Even though banking turmoil will impact insurers’ investment portfolio, their asset-liability management operating framework means they are duration matched, and their “long liquidity” business models implies they are not vulnerable to rapid withdrawals like banks, said the Swiss Re Institute.
Turmoil in the US and European banking sectors has shaken market confidence and has drawn narrative parallels with the start of the global financial crisis (GFC) in 2007-2008, according to analysts.
On one side, the Swiss Re Institute’s US financial stability monitor shows worsening risk parameters, with measures of high-yield credit spreads and swaption volatility already reflecting lower liquidity and mounting stress.
However, while there are signs of market tensions, the monitor also suggests we are not currently in a systemic financial crisis.
Provided this endures, analysts at the Institute expect that key central banks will retain restrictive stances and continue to raise interest rates, although at a slower pace than seen last year.
Nonetheless, analysts also would not underestimate the second-round hits to confidence on smaller banks and non-bank financial intermediaries, as these are significant to the overall financial system.
A potential cumulation of US small bank defaults is a key concern, the Institute highlighted. This is mainly due to small US banks accounting for roughly 50% of US commercial and industrial lending, 60% of residential real estate lending, 80% of commercial real estate lending, and 45% of consumer lending, for example.
Analysts said: “Given the higher risk premium and subsequent higher funding costs facing the banking sector, a further tightening in credit conditions may reduce US GDP growth by 0.5 to 1.0 percentage points (ppt) in the coming quarters, and by 0.3% in the euro area.
“The extent of growth retraction will depend on the severity of contraction in bank lending.2 Meanwhile, non-bank financial intermediaries (NBFIs) own almost 50% of total global financial assets (as of 2021).

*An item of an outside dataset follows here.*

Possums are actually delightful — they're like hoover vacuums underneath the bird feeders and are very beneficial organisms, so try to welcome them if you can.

Forced selling by NBFIs amid a rush of investor redemptions and margin calls could raise market instability like that seen in last autumn’s UK pension funds gilts crisis”.

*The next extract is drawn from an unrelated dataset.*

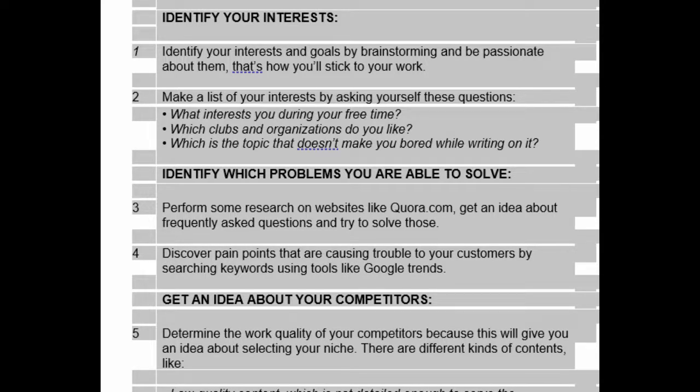What interests you during your free time? Which clubs and organizations do you like? Which is the topic that doesn't make you bored while writing on it?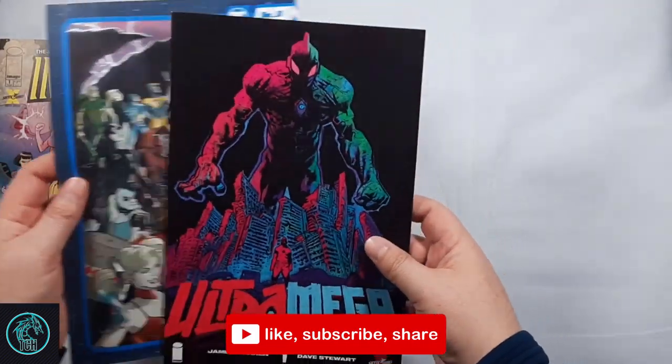Hey everyone, welcome back to the Collector's Horde. This is my new comic book day pulls video for Wednesday, March 17th, 2021. It's another light week as not much is coming out and DC is still ramping up for their new titles and getting out of the future state storylines. But I got some good stuff and let's get going.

They added: “However, even as financial market woes will impact insurers’ investment portfolios, their asset-liability management operating framework means they are duration matched, and their “long liquidity” business models implies they are not vulnerable to rapid withdrawals like banks.”
Uncertainty remains high, and the risk of a credit crunch and hard landings has increased, which would help to bring inflation down.
As the ECB has demonstrated that central banks can use separate tool kits to address inflation and financial market stresses, according to the Institute, analysts believe that other central banks use them as well.
By doing so, they would continue raising interest rates, though at a slower pace, mainly because of the current high inflation environment, which contrasts to prior years of financial stress when central banks cut policy rates.
“We look for central banks to stay the course on more restrictive policy, albeit more cautiously,” said analysts.
However, the Swiss Institute warns, if a systemic crisis were to develop, central banks could fall subject to financial dominance and cut their current tightening cycles short, prolonging the fight against inflation.
In turn, this could potentially necessitate renewed aggressive tightening in the medium term, threatening greater volatility in financial markets and a sharper economic downturn.